1.2. Spray Accuracy and Uniformity

Accurate and uniform spraying of plants mainly determines the effectiveness and quality of agricultural spraying, reduces the quantity of pesticides used in agricultural production, and contributes to environmental safety. The current standards for ground spraying units in field crops used for spraying the entire surface assume that 24 single-slotted nozzles are placed on the linear boom of a field sprayer, measuring 12 m in width, with 0.5 m spacing (Figure 1a). Notably, proper use of the stream of droplets exiting a group of cooperating slotted spray nozzles requires a more comprehensive knowledge of the stream formation produced by single-slotted spray nozzles [13]. The distribution of the quantity of atomized liquid from single-slotted spray nozzles is symmetrical and leptokurtic, which causes the distribution of the liquid quantity under the entire boom to lose uniformity. This has led to the development of new tools for modeling and predicting this process, as well as the design of enhanced slotted sprayers [7,13,14,15,16]. However, production processes do not ensure that even the best designed sprayers meet all parameters perfectly. Similarly, operation of a sprayer is accompanied by wear on sprayer nozzles. Hence, planning the appropriate position of each new or used sprayer nozzle on a field sprayer boom has proven to be a legitimate undertaking [17,18]. Only the combined process of both the design and manufacture of nozzles and modification of their position on the boom can significantly improve the quality of agricultural spraying and its costs for the farmer and the environment.

An important element of a precise fertilization system for liquid fertilizers and plant protection fertilizers is stable operation of the sprayer boom, which should be positioned parallel to the sprayed surface, without significant transverse fluctuations; this is especially important in the case of sprayers with large working widths [3,12].

2. Materials and Methods

2.1. Methodology of Designing the Shape of a Slotted Sprayer Nozzle Opening

The opening of a slot spray nozzle is a narrow, heterogeneous, almost elliptical slot which produces a single stream with cross-sections the shape of an almost ellipse, as shown in Figure 1b.

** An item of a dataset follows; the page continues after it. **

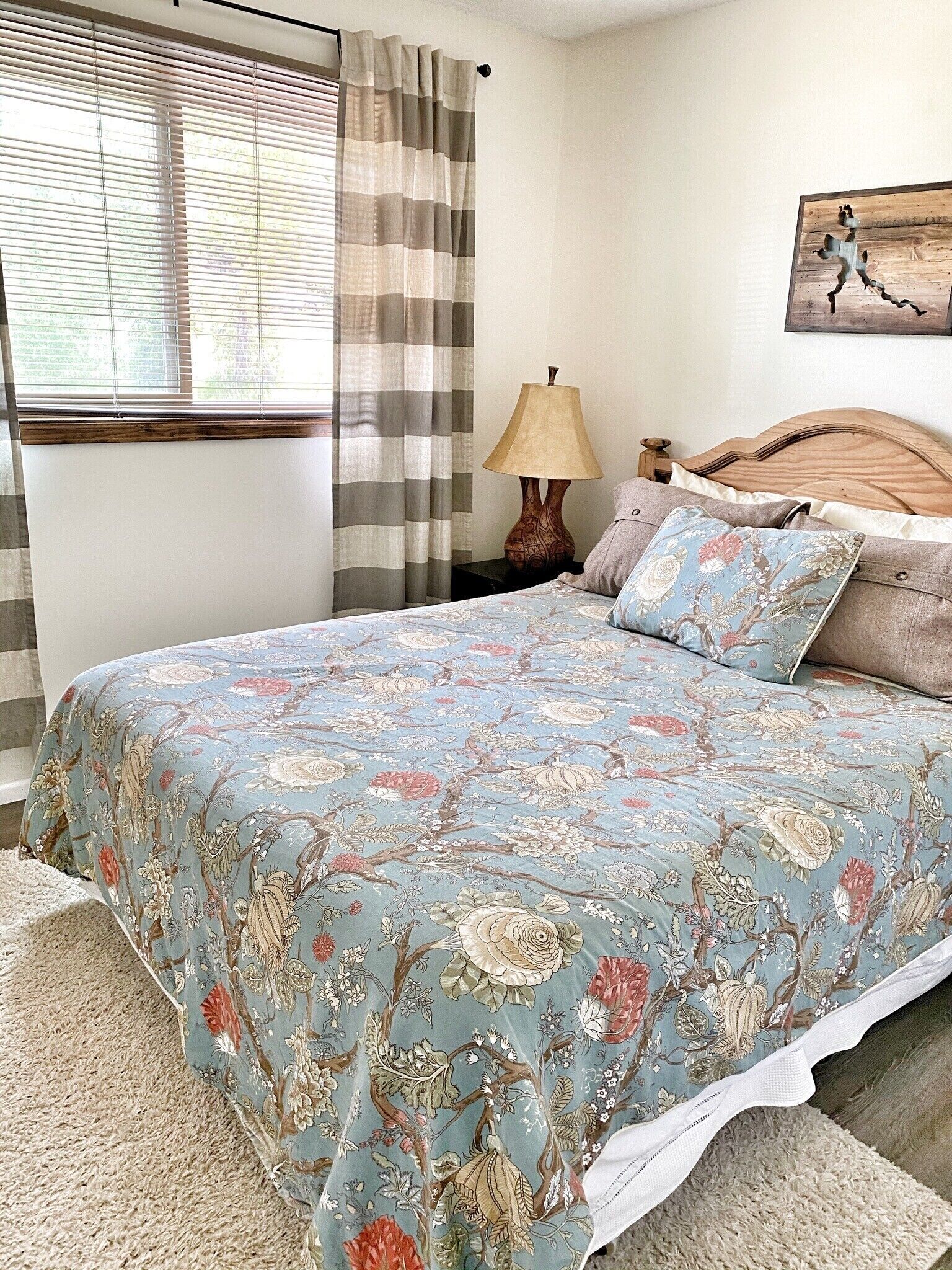 Un dormitorio con colcha estampada, cabecera de madera, mesita de noche con lámpara y ventana con persianas.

This oval shape of a single flat stream observed on a dry measuring table at a distance of 0.5 m from the nozzle outlet is mainly due to (1) the designed spray angle α, (2) the opening shape of the slotted sprayer nozzle, and (3) the size of the opening. Hence, all three characteristics affect both the distribution of the liquid flow measured on the measuring table (Figure 2) along the entire length of the larger elliptical axis of a single jet and also the distribution of the liquid flow measured along the entire length of the sprayer boom (Figure 1c). Conversely, the requirement for a uniform spray distribution from the entire sprayer boom fitted with 24 slotted sprayer nozzles with a given spray angle α affects the requirement of the output distribution from a single-slotted spray nozzle and the resulting shape of the nozzle opening and its dimensions. Therefore, for the chosen working pressure and the set spray angle, the shape and dimensions of a small nozzle opening should proportionally correspond to the desired optimal distribution of the flow rate from a single nozzle.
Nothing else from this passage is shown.